**PROBLEM TO WORK ON**: Repeat only the lines from the one containing "Audi Q5 3.0" to the final line below, exactly as they read, and leave every picture out.

**PROVIDED DATA**:
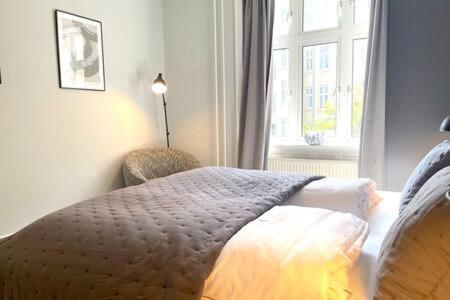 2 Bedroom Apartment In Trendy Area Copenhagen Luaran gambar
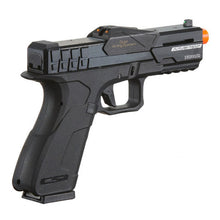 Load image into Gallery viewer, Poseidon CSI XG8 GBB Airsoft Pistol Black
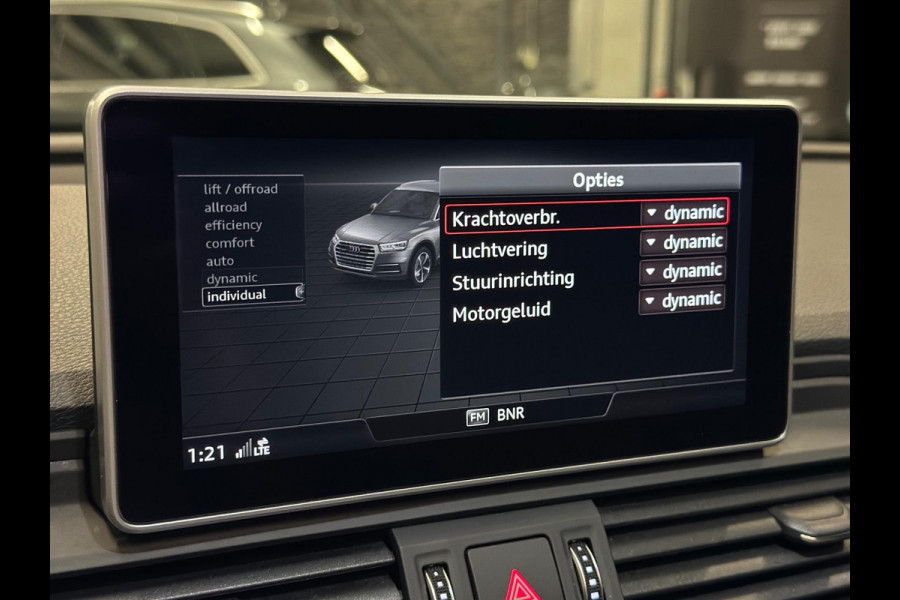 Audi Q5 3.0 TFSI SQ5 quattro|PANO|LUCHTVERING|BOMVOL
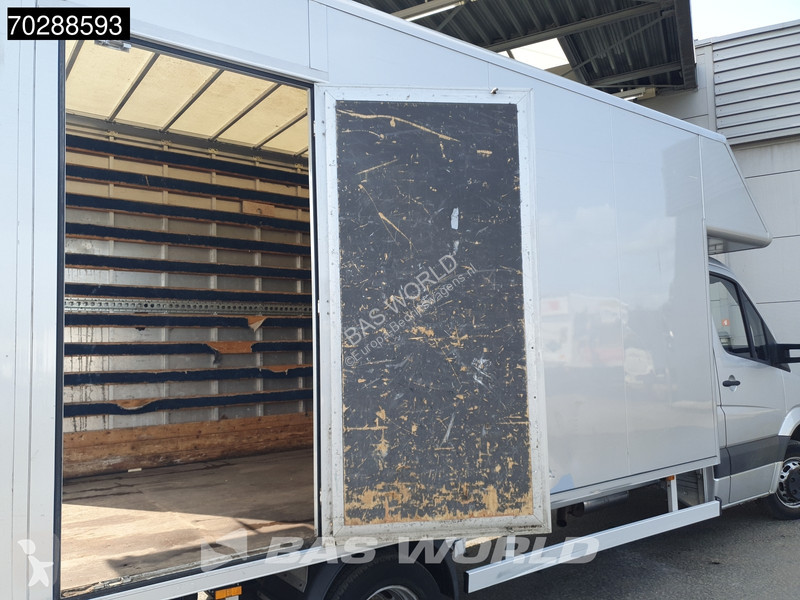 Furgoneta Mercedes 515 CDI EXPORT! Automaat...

**COMPLETED TASK**:
 Audi Q5 3.0 TFSI SQ5 quattro|PANO|LUCHTVERING|BOMVOL
 Furgoneta Mercedes 515 CDI EXPORT! Automaat...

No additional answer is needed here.